Miller cites the following line (from a larger excerpt) as evidence of the charm of Murakami’s style: "…sometimes we don't need words. Rather, it's words that need us. If we were no longer here, words would lose their whole function. ... They would end up as words that are never spoken, and words that are never spoken are no longer words." But I’d argue that there’s as much to be irritated in that passage as there is to be charmed by, since, in any case deeper than a skimmed reading, the sentence reveals itself to be smoothly meaningless.
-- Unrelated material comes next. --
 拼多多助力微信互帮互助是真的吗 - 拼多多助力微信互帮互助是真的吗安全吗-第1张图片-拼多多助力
Meaningless in a way that Murakami specializes in. I’d call him a genius at impregnating the innocuous with implications of depth, and of spinning dead-end narrative threads that read deceptively like a writer making it all up as he goes along, but for the obvious fact that he isn’t a genius, and, often, he really is making it up as he goes along. And what depths the deep-as-lamination prose evokes are evoked in no small part because he’s Japanese, so we (non-Japan-acculturated readers) expect (and project) a little literary Zen; a little inscrutable mysterioso. In many ways similar to French semioticians analysing Cher Maitre Jerry in the belief that a prat fall is so much more than a prat fall. But it isn’t.
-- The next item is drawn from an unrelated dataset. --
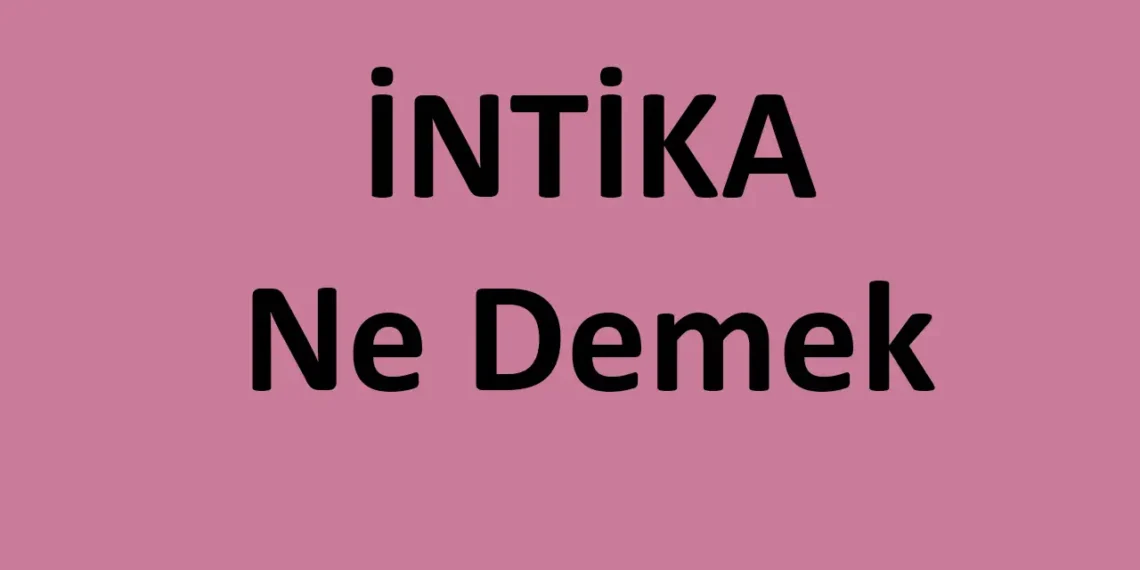 İntika Ne Demek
All clever writers have a technique or two for getting the reader to finish the job at hand...the riddle technique, the longing technique (‘give the protagonist a tooth ache’), or a conflation of both (good old suspense), etc. Murakami has to be given credit for perfecting the ‘this story can’t be as simple-minded as it seems, so I’ll keep reading until the twist kicks in’ technique. Of that he is a master. A sample from his ‘The Folklore of Our Times’:
"Now let me tell you about the girls. About the mixed-up sexual relations between us boys, with our brand new genitals, and the girls, who at the time were, well, still girls.
"But, first, about virginity. In the sixties, virginity held a greater significance than it does today. As I see it - not that I've ever conducted a survey - about 50% of the girls of my generation were no longer virgins by the age of 20. Or, at least, that seemed to be the ratio in my general vicinity. Which means that, consciously or not, about half the girls around still revered this thing called virginity.
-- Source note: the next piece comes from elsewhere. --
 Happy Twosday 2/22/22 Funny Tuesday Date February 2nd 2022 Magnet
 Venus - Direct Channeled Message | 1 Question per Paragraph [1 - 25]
"Looking back now, I'd say that a large portion of the girls of my generation, whether virgins or not, had their share of inner conflicts about sex. It all depended on the circumstances, on the partner. Sandwiching this relatively silent majority were the liberals, who thought of sex as a kind of sport, and the “conservatives, who were adamant that girls should stay virgins until they were married.
"Among the boys, there were also those who thought that the girl they married should be a virgin.
"People differ, values differ. That much is constant, no matter what the period. But the thing about the sixties that was totally unlike any other time is that we believed that those differences could be resolved."
And so on. Perhaps it's wry in the original.
If Benjamin Kunkel had written ‘Norwegian Wood’ (and had managed to get it published), they’d still be scraping bits of him off of the New York Times book review. Imagine Philip Roth writing and then actually publishing ‘The Folklore of Our Times'...you’d wonder what was wrong with the current state of fiction. A given text can’t really be gold under one byline and straw under another. The difference is supra-literary. It's kinda like cheating.
I like Murakami, and though I think I give him more credit than you do, there are still weaknesses in his work, and even at his best I consider him an enjoyable light read rather than a great novelist (as Miller would have it). I enjoy his playing around with pop culture without getting arty about it, and his pop existentialism. There's a Robert Coover quality to him (granted, if he possesses the jewelled style of Coover, it does not come through in translation), and I'd guess a little Julio Cortazar as well. But he's more M.C. Escher than Pablo Picasso, if you know what I mean.
That Escher vs Picasso riff is an apt analogy, actually.
I'd responded with a "Thanks" but I must have not pushed the "Publish My Letter" button because it never showed up. Don't know if you still check back here time to time, but I thought I'd give it another shot anyway.
How odd that only two people have commented. I suppose Murakami's star is falling.